You know you won't rest until it's in your driveway









Steve


----------



## hurricaneplumber

a REAL man would buy one!!!

you don't dare....chicken


----------



## Highlander96

do it...do it...do it..............I dare you!!!!!!!!!!!!























I want to see pics.

Tim


----------



## ARzark

You've got the TV to pull it 
GO FOR IT


----------



## Fire44

You got the truck......

Why not!!!!!

You could be the first Outbacker with one!!!!

Gary

PS: You should know that we are very good at spending other peoples money!!!


----------



## mollyp

You go for it John. You know you deserve it.

Wendy


----------



## PDX_Doug

Go Johnny, Go Johnny, Go Johnny, GO!!!









After all, who deserves it more than you?
Am I right?!!!

Happy Trails,
Doug


----------



## camping479

Go ahead John, you know why









Mike


----------



## tdvffjohn

I see I have plenty of moral support









Its all in the numbers









John


----------



## Bull Elk

Here is a link to some pictures of this 5ver at a local dealer in South Dakota.

http://www.rvtraveland.com/content.asp?id=3&iInvID=1349#


----------



## PDX_Doug

Very nice!









Must...resist...









Happy Trails,
Doug


----------



## tdvffjohn

WOW

Only thing I was hoping for was a standing table and chairs. I think it has plenty of storage room.
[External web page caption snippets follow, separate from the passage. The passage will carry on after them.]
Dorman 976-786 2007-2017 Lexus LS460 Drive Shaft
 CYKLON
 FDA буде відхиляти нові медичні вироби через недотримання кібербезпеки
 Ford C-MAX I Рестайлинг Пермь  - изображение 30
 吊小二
Little difference in price from the quote I got









John


----------



## Fire44

John I was looking at one of those yesterday at Parkview RV.....and the price was alot cheaper!!!

Gary


----------



## 3athlete

To do or not to do........that is the question whistling.gif


> Hey John,
> 
> If we go to Garrick together, maybe you can get the 5ver and I can get the Sydney addition, and hopefully a deal too!
> 
> 
> 
> 
> 
> 
> 
> 
> 
> Clare


----------



## mswalt

John,

That is basically my Sydney 31RQS.

Nice rig!

Mark


----------



## HootBob

Go for it John
You know you want it.
I remember you were talking to me about it over the weekend

Don


----------



## johnp

DO IT!!

JUST DO IT!!

John


----------



## Oregon_Camper

DO IT!!!


----------



## PDX_Doug

I showed PDX_Shannon the photos of the new unit last night.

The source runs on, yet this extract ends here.